- **WHAT TO PRODUCE**:
All lines below between the line with "China Anti-Wrinkle Anti-Wrinkle" and the line with "High-Waist Slimming Bikini", including both, must be copied exactly, and the pictures must be omitted.

- **RECORDS SUPPLIED**:
════

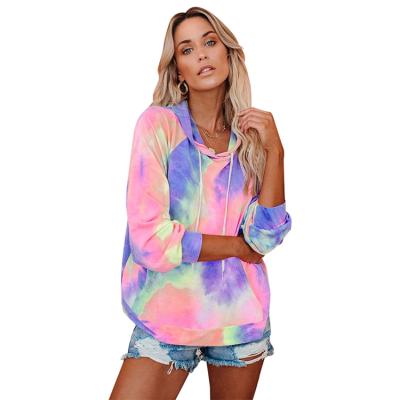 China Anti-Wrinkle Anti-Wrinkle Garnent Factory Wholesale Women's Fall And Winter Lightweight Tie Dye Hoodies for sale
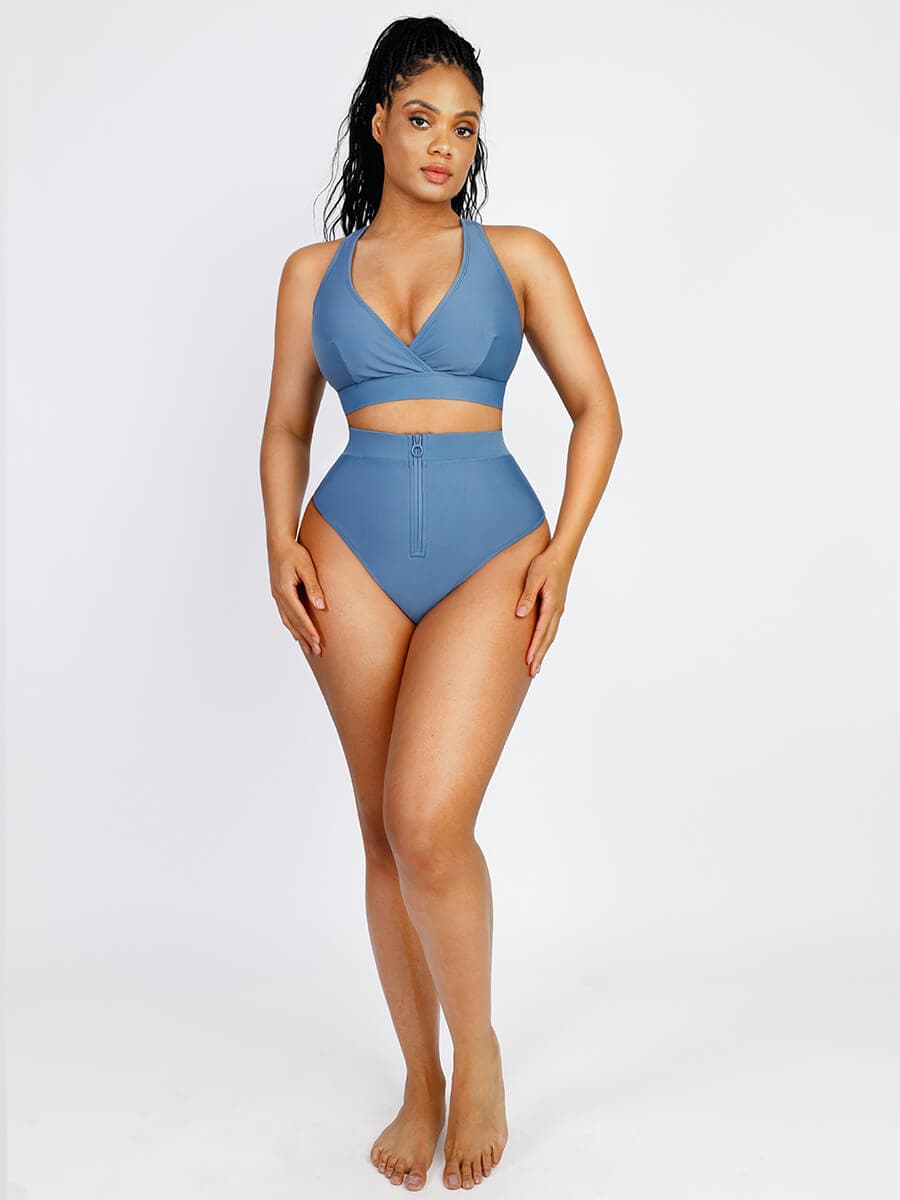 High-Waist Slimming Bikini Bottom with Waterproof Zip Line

════

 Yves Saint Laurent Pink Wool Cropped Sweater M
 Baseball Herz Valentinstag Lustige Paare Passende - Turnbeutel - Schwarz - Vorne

════

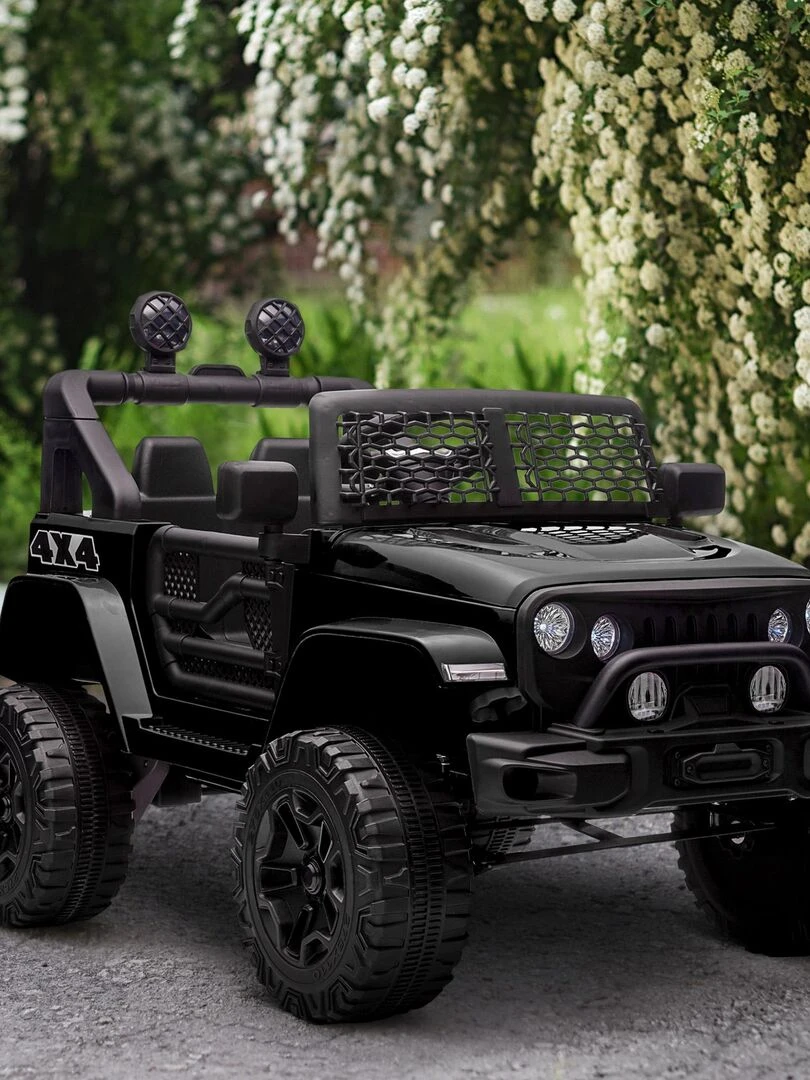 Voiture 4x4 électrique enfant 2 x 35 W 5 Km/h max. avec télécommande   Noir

════

- **TASK ANSWER**:
 China Anti-Wrinkle Anti-Wrinkle Garnent Factory Wholesale Women's Fall And Winter Lightweight Tie Dye Hoodies for sale
 High-Waist Slimming Bikini Bottom with Waterproof Zip Line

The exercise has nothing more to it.